Thursday, June 25, 2009
The back of the book
An uncontrollable smile was what I came to Redding with. Filled with excitement and curiosity to experience life on my own, to grow up, to try and fail, to learn then succeed. A quiet arrogance, that I had Jesus and life figured out, possessed me. I had been entrusted to carry and release His fragrance like these students had never experienced. I was confident, or so I thought, in reality, I was ignorant.
A frustrating year of not seeing a movement rise like I had seen in my dreams. A summer followed of heartache and betrayal. The plug was pulled on my emotions, my confidence, my identity was swallowed. The only thing I needed was to return to the haven that I loved, a place where I could be free again, but the return was different. The unscathed smile was forgotten. A hollow shell of what first came one year before was all that remained.

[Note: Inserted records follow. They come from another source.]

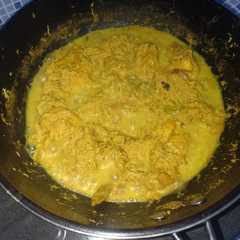 A picture of Ayam Ungkep Serundeng.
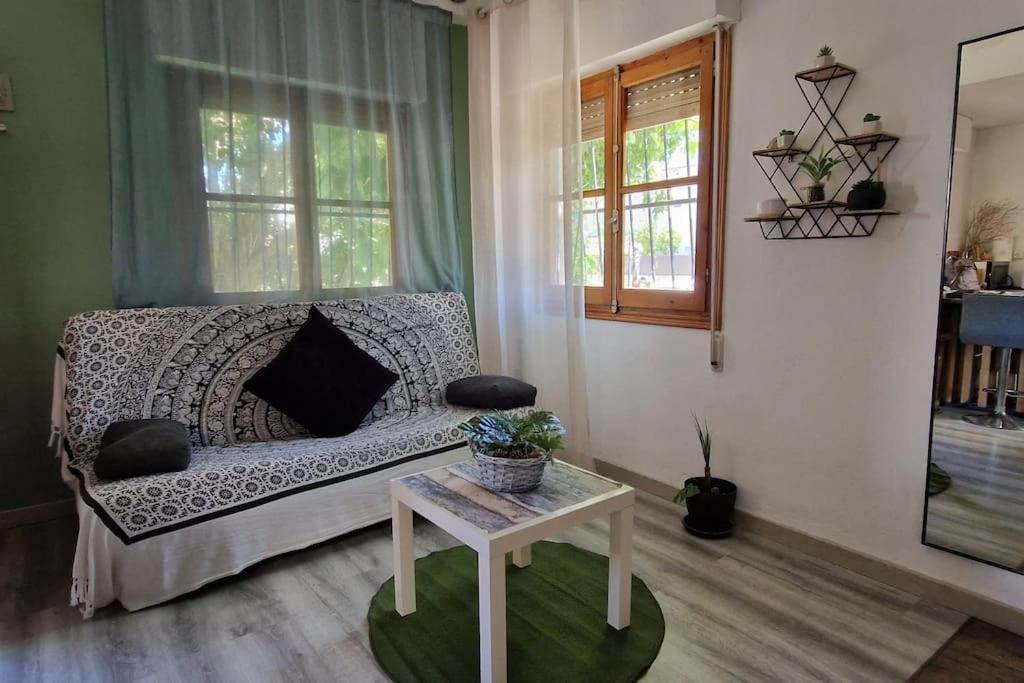 סנטה פולה Oscar'S Chillout House By The Beach מראה חיצוני תמונה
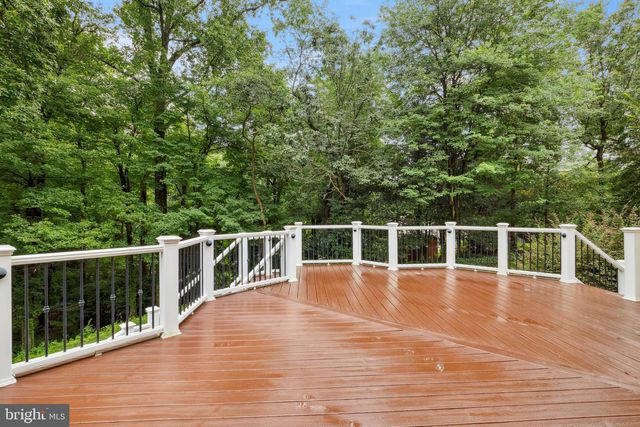 4427 BROOKSIDE DR, Alexandria, VA 22312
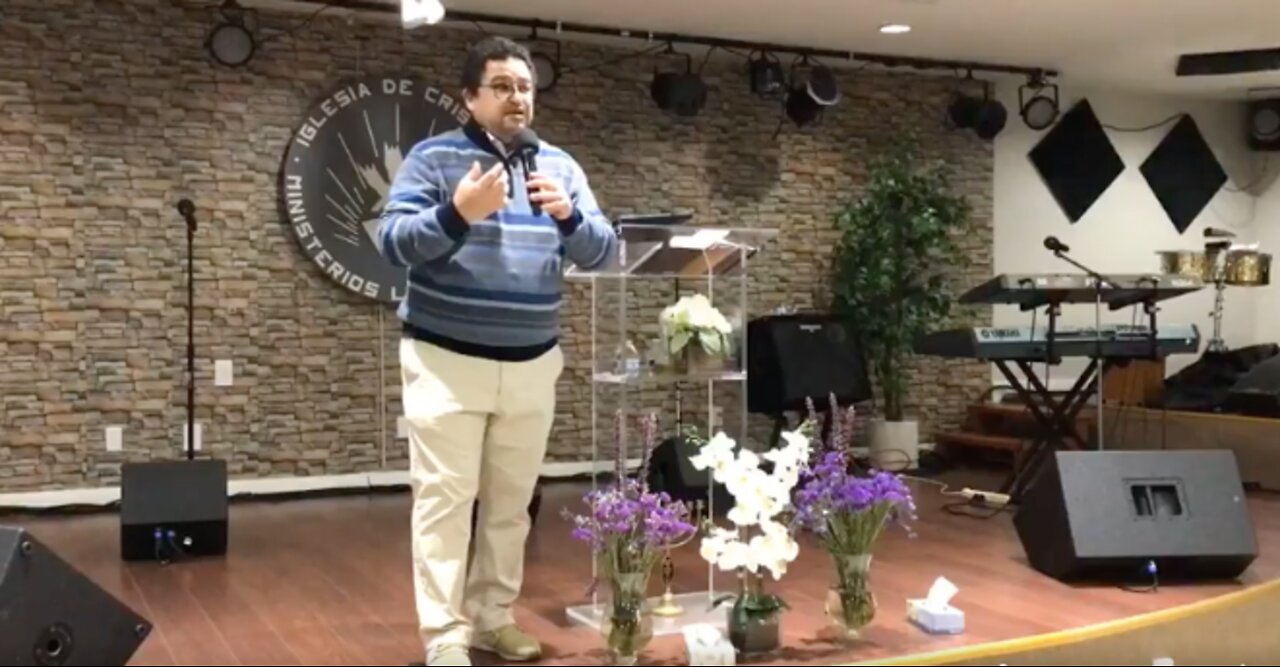 Servicio viernes 20 de mayo de 2022. Josue líder, servidor, esforzado, valiente. Josue 5:13-15.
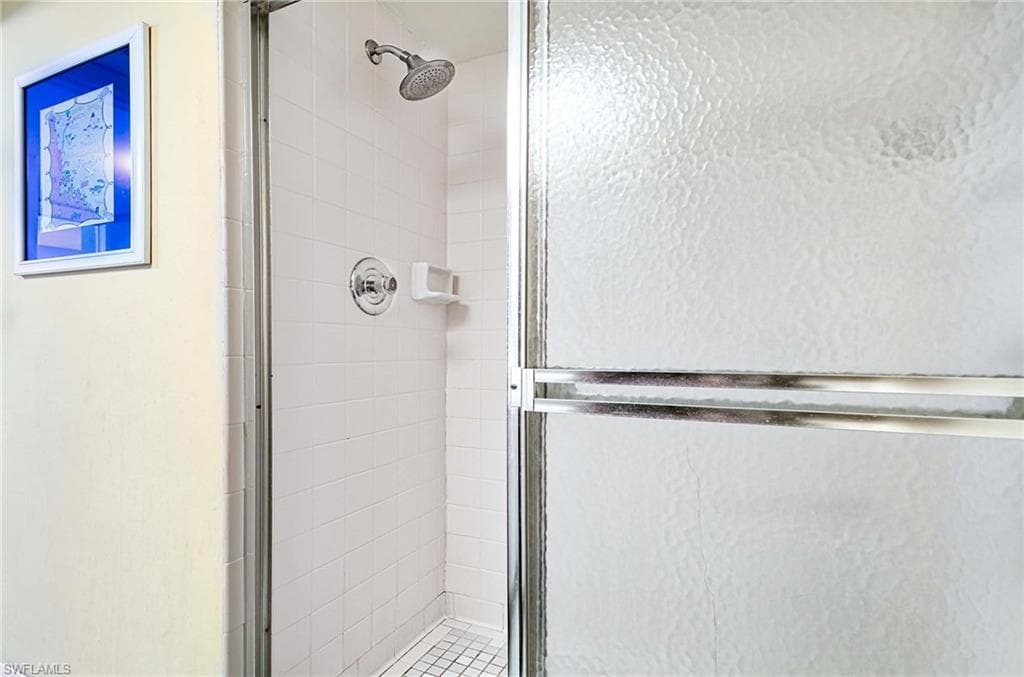 1 High Point Cir W 303, Naples, FL 34103-17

Stripped of knowledge, emotion, confidence, I forgot how to be loved, I forgot how to be happy, I had forgotten how to be sad, I forgot how to feel, I forgot who I was. Dreams were shattered, I was unsure of what it meant to be Andrew, and I hear these words "the fastest way to stop the hurting, is to stop feeling" - shutting it all down to avoid the painful. It was time to rebuild.

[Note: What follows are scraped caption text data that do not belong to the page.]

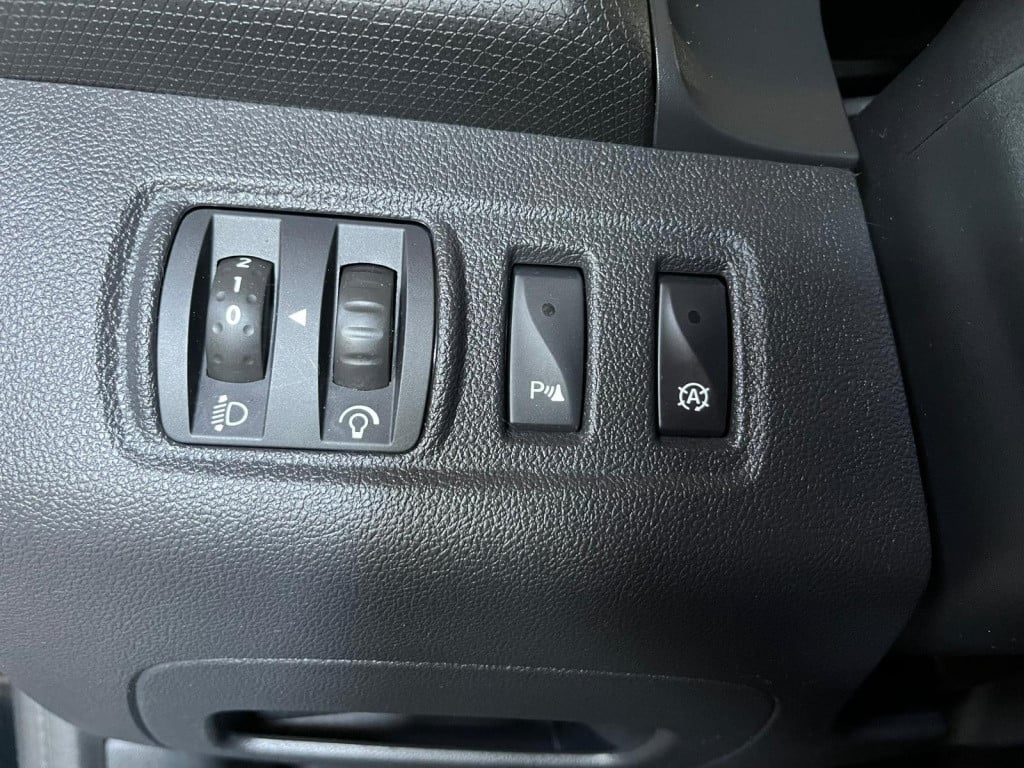 Renault Clio estate 0.9 tce night&day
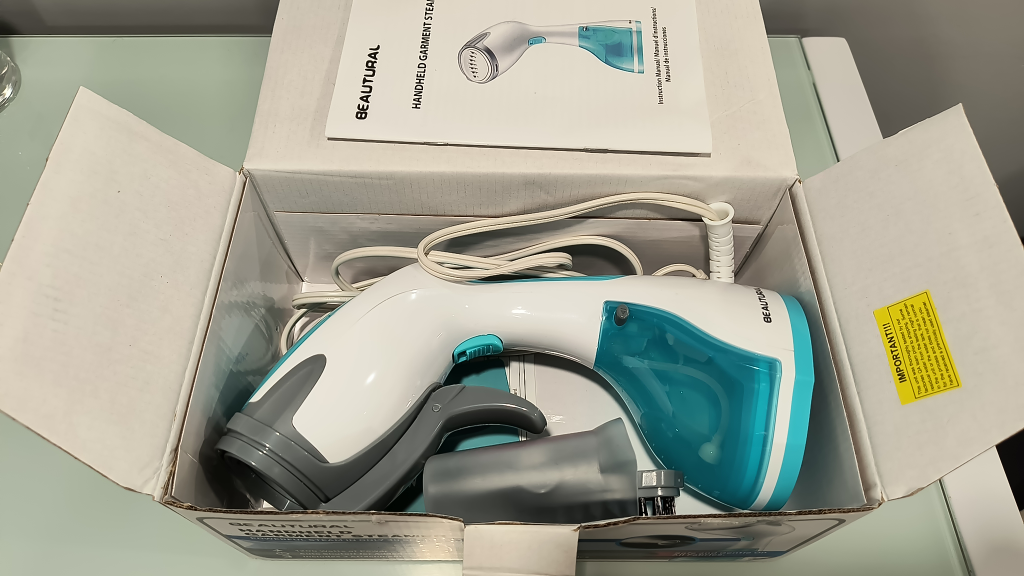 Handheld Garment Steamer thumbnail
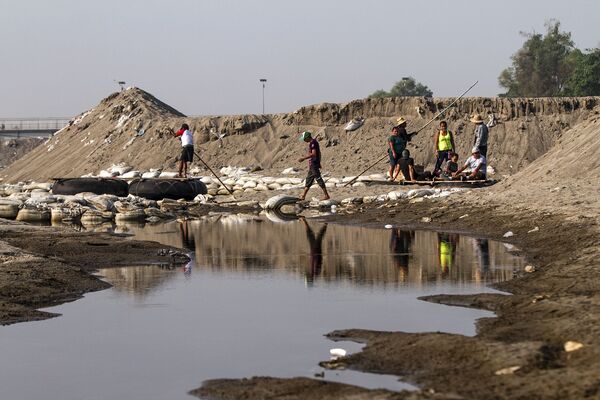 Suchiate, Chiapas. Migrantes cruzan por el río Suchiate - Sputnik Mundo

Round three, a summer spent with cautioned guard, unwilling to repeat the previous story. A reformation ensued; becoming stronger; rediscovering value. Hours pass searching with my eyes closed and face buried in the ground. Direction is what I wanted, identity is what I found. Posing questions of where and what, getting answers of who. Sifting through and burning away fear and pain to find the authenticity in the person who makes me.
The possessing false confidence that lacked humility had been broken and replaced. Poise in who He is, assurance in the numbered steps, humility to face who I am not, loved for who I am, and the pursuit of the realization as the man He and I dreamed about.
I am Andrew Paul Hogg.
Arizona I hope you are ready.
I am back.
Saturday, June 6, 2009
Conversations
I’m finding the simplest way to diverting my focus in prayer is turning my awareness from Him towards myself. It is to keep myself watching my own mind and trying to produce feelings in respect to the prayer in which I’m praying. When I am expressing repentance and walking into forgiveness, to start manufacturing feelings for myself of forgiveness. When praying for boldness, to discredit my prayer unless I can produce some kind of courageous feeling to hold the coattails of my prayers. It is an attempt to assess the value of my prayer based on the intensity of emotional response I feel post-prayer; never considering how the internal feelings related are subject to my current physical state or whether or not I am tired, sick, or well.
What is the object in which I am directing my thoughts and concerns, my requests and needs, my hopes and my dreams? It is a composition of genuine and ridiculous invalid ingredients. It is the influence of culture, people, scripture, experience, my own person, and unknowingly long list. What would it look like, how would my intimacy shape if I could consciously order my prayers as not what I think He is but as what He knows himself to be?
I want to set aside all my thoughts and images, or at least, fully recognize their natural subjectivity and completely develop confidence in the external, invisible Presence with me in the room.
I want to find this unaffected nakedness in prayer.